The idea that blacks are inferior is implied when the people who run the schools say it is impossible to adequately educate most black students, that academic programs are designed to maximize the development of all students, and that educational outcomes are largely a reflection of the abilities and efforts of the students.

In Courtroom battles to leading to the 1954 Supreme Court ruling in Brown v. Board of Education, the National Association for the Advancement of Colored People (NAACP) argued that educational outcomes for black students were generally inferior because, student for student, a lot more money was being spent on public schools for whites. When it came to applying the "separate but equal" doctrine, the policy of racial separation was rigorously enforced, but nowhere did any segregated system come close to an equal distribution of resources between black and white schools.

Since the late 1960s, school districts taken to court by the NAACP have cited a 1966 report by sociologist James Coleman, who argued that school desegregation cannot significantly reduce the academic performance gap between black and white students. Coleman himself was in high demand as an expert witness for school districts.

Coleman's 1966 report attributed most of the difference between black and white students in measurable outcomes, such as test scores, to a "culture of poverty." The argument goes that conditions associated with poverty diminish a student's ability to learn. The high concentration and persistence of poverty within the black community and the pervasiveness of racial discrimination creates a sense of hopelessness that kills the aspirations of black youth. Neither 'race-mixing' nor efforts to improve black schools will
have much effect on the situation outside of school that holds back and demoralizes most black students. Or so the argument goes.  

What happened after most of the racially segregated school systems were desegregated in the late 1960s and early 1970s?  According to the 1990 Sandia Report, the test score gap between blacks and whites was being closed during the 1970s and 1980s. Prepared by the Sandia National Laboratories, the Sandia report was a systematic review of data collected by the National Center for Education Statistics of the US Department of Education.
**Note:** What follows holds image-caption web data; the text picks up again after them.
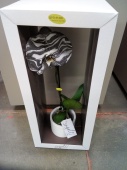 Орхидея фаленопсис Синголо Модерн О840 купить в Москве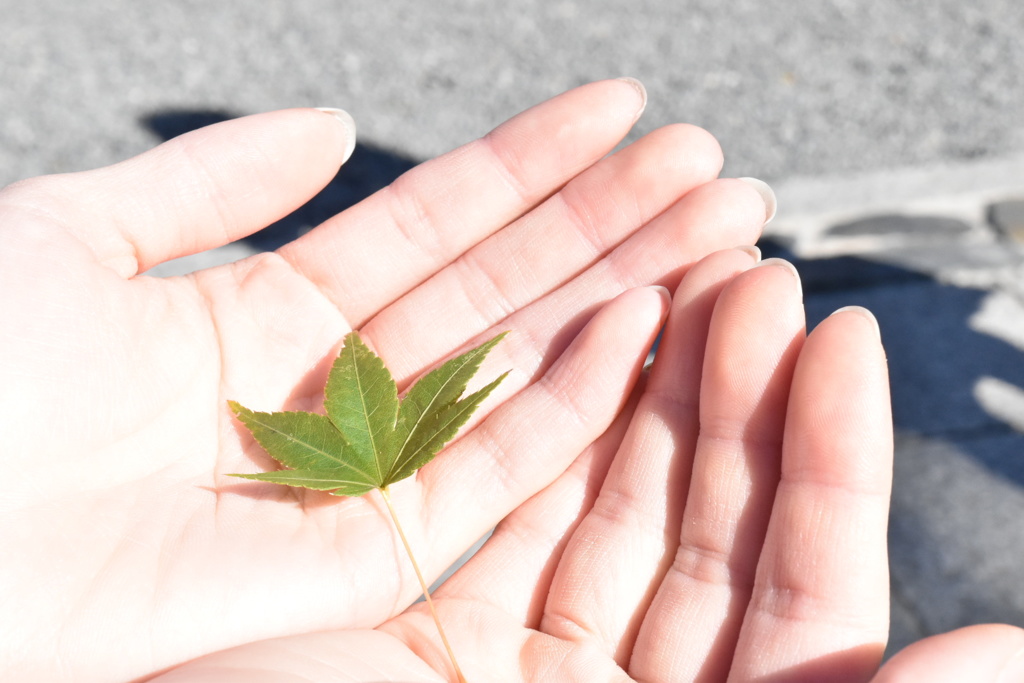 小さな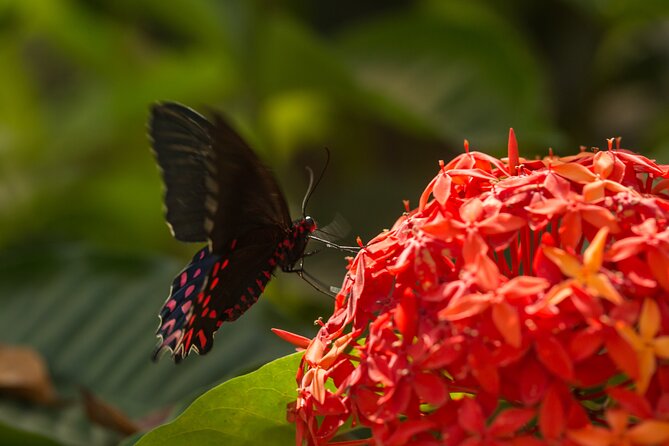 Butterfly Sanctuary & Museum Guided Tour in Puerto Vallarta - The butterfly release ceremony: helping a three-hours-old butterfly fly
The report broke down data on academic achievement by race, income and other demographic categories. Academic achievement was primarily measured by math and reading exam scores obtained through a testing program called the National Assessment of Educational Progress (NEAP). The Sandia report was commissioned -- and suppressed -- by the Bush, Sr. administration (1989-1992). -- Berliner and Biddle, 1995, The Manufactured Crisis, pages 26.

From 1971 to 1988, the average difference in scores between black and white 13 year olds on NAEP reading exams declined by about 50%.  However, compared to where it was at in 1988, the gap in NEAP reading exam scores between black and white 13 year olds increased by about 75% in just 12 years. Less dramatic progress toward closing the gap in NAEP math exam scores was registered in the 1970's and 80's, followed by a fairly steady widening of the gap in math exam scores during the late 80' and the 90's. -- The New Crisis (NAACP magazine), September / October 2001."Long Division," p. 25-31, graph on page 28.
HOW WAS THE GAP CLOSED?

From the late 1960s to the mid-1980s the strategic goal of the public school system was to close the academic performance gap between blacks and whites, and between poor and "middle class" students. Schools were required to collect and break down data on academic achievement by race, income (eligibility for free and reduced-price school lunches), sex, and other demographic categories. School policies were deemed effective if progress was made toward "closing the gap."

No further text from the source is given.